FIG. 1 exemplarily describes a storage array 100 with a conventional architecture, and most storage devices in markets use such an architecture, which is typical.
Specifically, the storage array 100 shown in FIG. 1 is a typical storage array of multiple controllers, where the storage array 100 includes an interconnect exchange network 101 and multiple controllers 105 (105-1, 105-2, . . . , 105-n), and the foregoing multiple controllers 105 (105-1, 105-2, . . . , 105-n) are connected by using the interconnection exchange network 101. The controllers each are configured with processors (CPU) (103-1, 103-2, . . . , 103-n) and front-end and back-end interfaces according to a service requirement. Typically, for example, a Fibre Channel FC interface or an Internet small computer system interface iSCSI (102-1, 102-2, . . . , 102-n) is used as a front-end interface to connect to a host device (a peripheral). Typically, for example, a serial attached SCSI (SAS) interface is used as a back-end interface to connect to a storage medium, where the storage medium may be, for example, an HDD or an SSD.

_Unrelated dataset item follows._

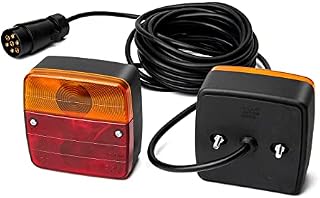 JMEST LEAD 2PCS 12V Trailer Tail Lights Waterproof Rear Brake Lights Indicator Lights with License Plate Lamp, with 7.5m Cable 7 pin Trailer Plug For Trailer Camper Van Truck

In the architecture shown in FIG. 1, when an operation corresponding to a data request received by a front-end interface chip 102-1 in a controller 1 is performed on an HDD/SSD connected to a controller 2, the controller 1 needs to forward the received data request to the controller 2 by using a network. In such a running manner, a delay of data transmission is not only increased, but also load on the controller 1 is increased, thereby reducing a processing capability of the whole system.
Likewise, in this architecture, once a controller becomes faulty, a system host needs to perform storage access in manners of, for example, using a redundant interface channel or cooperating multipath software.